2 Indoor pools= Kinsmen Aquatic Park (FLC) and the Crestwood Pool (no 50m pools)
3 Outdoor pools= Strathcona Pool, Heights Pool and the Hill Pool
Medicine Hat has a swimming lake= Echo Dale

Echo Dale, the largest of Medicine Hat’s parks, is located a short distance west of Medicine Hat along the South Saskatchewan River. The park has two man-made lakes: one for swimming and one for paddle boating and fishing.
Echo Dale Regional Park is an oasis for people and wildlife and has more than 110,000 visitors each year. Patrons range from sun-loving swimmers to those who enjoy sitting around a fire at night, to the regulars who walk the trails each day throughout the year, no matter how bad the weather!
From the historic farm site on the west side of the park to the day use area on the far east side of the park and all the others areas in between, the pristine condition of Echo Dale Regional Park is a favorite. Claim your favorite spot around the Swim Lake or set up for a family picnic at the boat lake which is stocked with rainbow trout for those wanting to fish.
New playground equipment in the shape of a pirate ship sits on the beach at the swim lake and new playground equipment at the boat lake, all add up to summertime fun!

Red Deer has a greater opportunity in having a real natural lake. Will Red Deer build a park? NO, they will likely plan on houses, and apartment buildings that may never get built, unless we go into a boom portion of the boom-bust cycle. This is the simplistic, easiest and safest plan with a low return on investment. It ignores the high-profile location and possibilities of the lake, but it has less risk. A wall will be built to hide the lake from Hwy 2.
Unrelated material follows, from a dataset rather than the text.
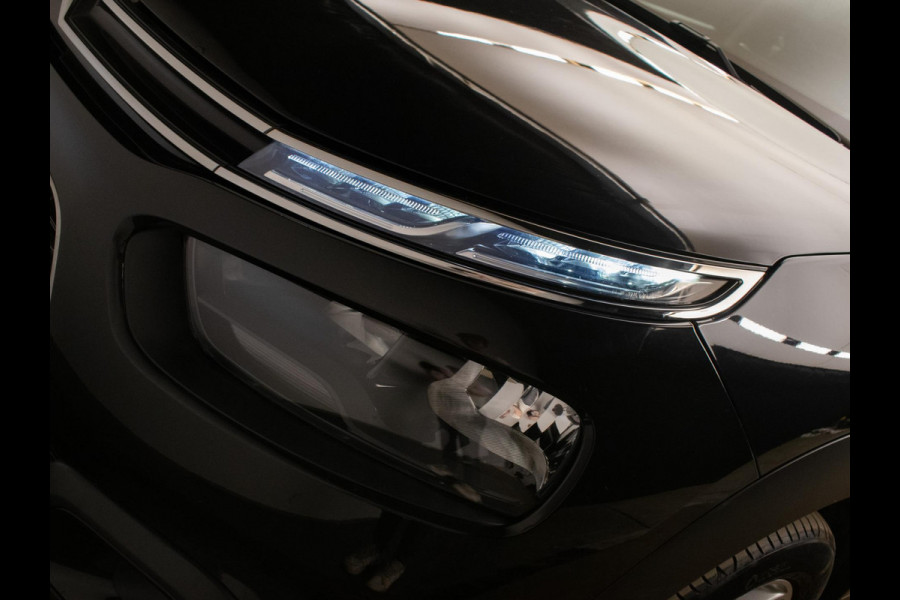 Citroën C4 Cactus 1.2 PureTech Business Sport (APPLE CARPLAY,NAVI,CRUISE,LED,CAMERA,LEDER,GETINT,LM VELGEN,NIEUWE APK,NETTE STAAT)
Remember, Hazlett Lake is a natural lake that covers a surface area of 0.45 km2 (0.17 mi2), has an average depth of 3 meters (10 feet). Hazlett Lake has a total shore line of 4 kilometers (2 miles). It is 108.8 acres in size. Located in the north-west sector of Red Deer.
So, please, the next time you drive north on Hwy 2, as you pass the Hwy 11A turnoff, look out the passenger window and check out Hazlett Lake.
That lake is part of the City of Red Deer, and is a portion of a Major Area Structure Plan north of Hwy 11A previously mentioned. So as you drive by, think of what you would like to see done with your lake.
One scenario that could compliment the lake and address the desire for a regional aquatic centre and a 50-metre pool is turning the proposed community centre on the northeast corner of the lake into a Collicutt Centre type of complex.
What is more natural than having an aquatic centre on the lake? You could have your 50-metre pool inside, a lake for scuba diving, kayaking, canoeing, paddle boating, swimming, under-water photography, fishing, sun tanning, races, to name but a few.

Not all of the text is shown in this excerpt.